Effect of B-site substitution of (Li,La)TiO3 perovskites by di-, tri-, tetra- and hexavalent metal ions on the lithium ion conductivity

Abstract

We report the synthesis and lithium ion conductivity of di-, tri-, tetra- and hexavalent metal ion B-site substituted (Li,La)TiO3(LLT) perovskites. All 5–10 mol% Mg, Al, Mn, Ge, Ru and W ion substituted LLTs crystallize in a simple cubic or tetragonal perovskite structure. Among the oxides investigated, the Al-substituted perovskite La0.55Li0.36□0.09Ti0.995Al0.005O3 (□=vacancy) exhibits the highest lithium ion conductivity of 1.1 × 10−3 S/cm at room temperature which is slightly higher than that of the undoped (Li,La)TiO3 perovskite (8.9 × 10−4 S/cm) at the same temperature.

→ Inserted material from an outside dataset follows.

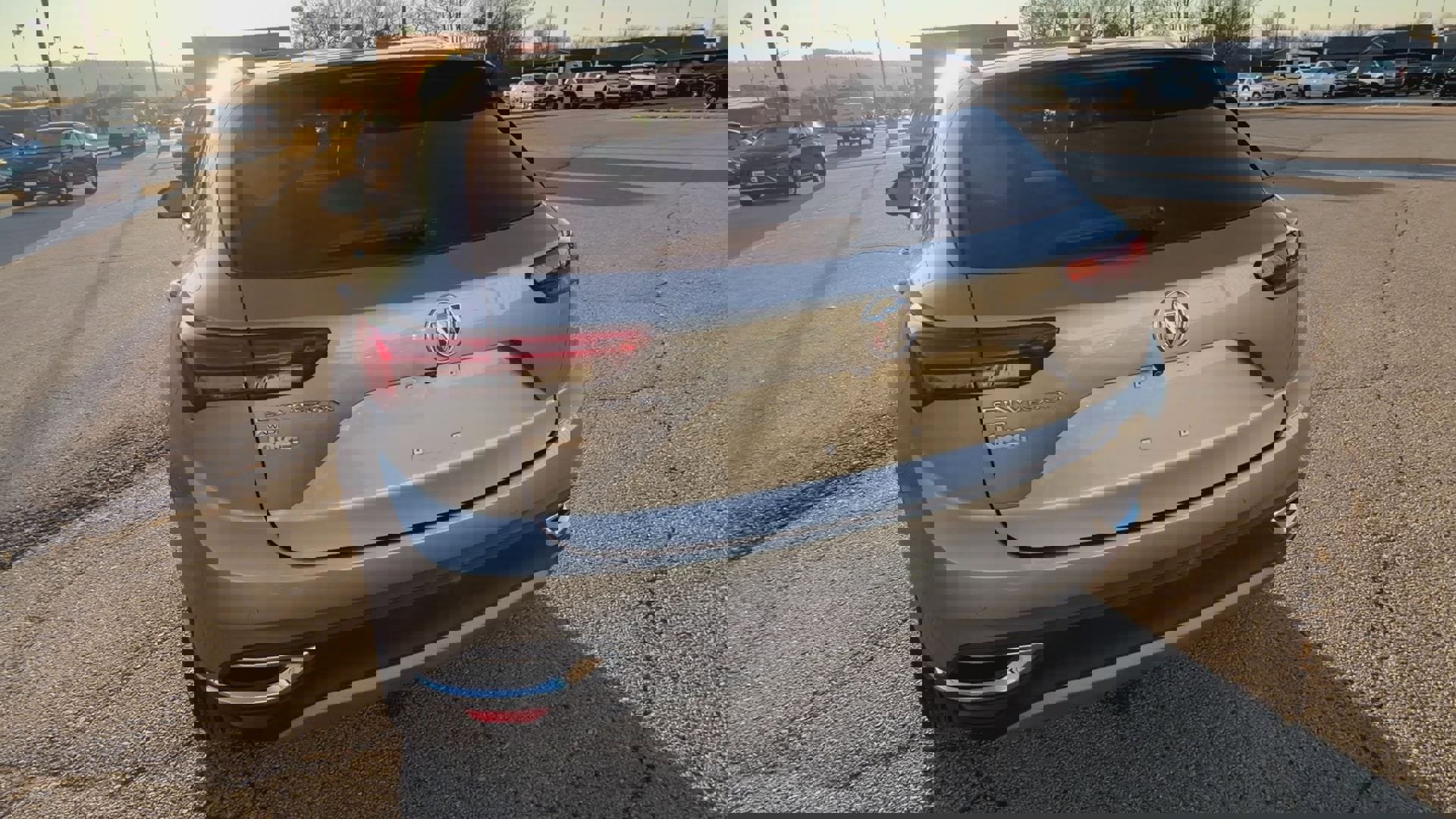 Used 2023 Buick Envision Essence image 7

The lithium ion conductivity of substituted LLTs does not seem to depend on the concentration of the A-site ion vacancies and unit cell volume. The high ionic conductivity of Al-substituted LLT is attributed to the increase of the B(Al)-O bond and weakening of the A(Li,La)-O bond. The conductivity behavior of the doped LLT is being described on the basis of Gibbs free energy considerations.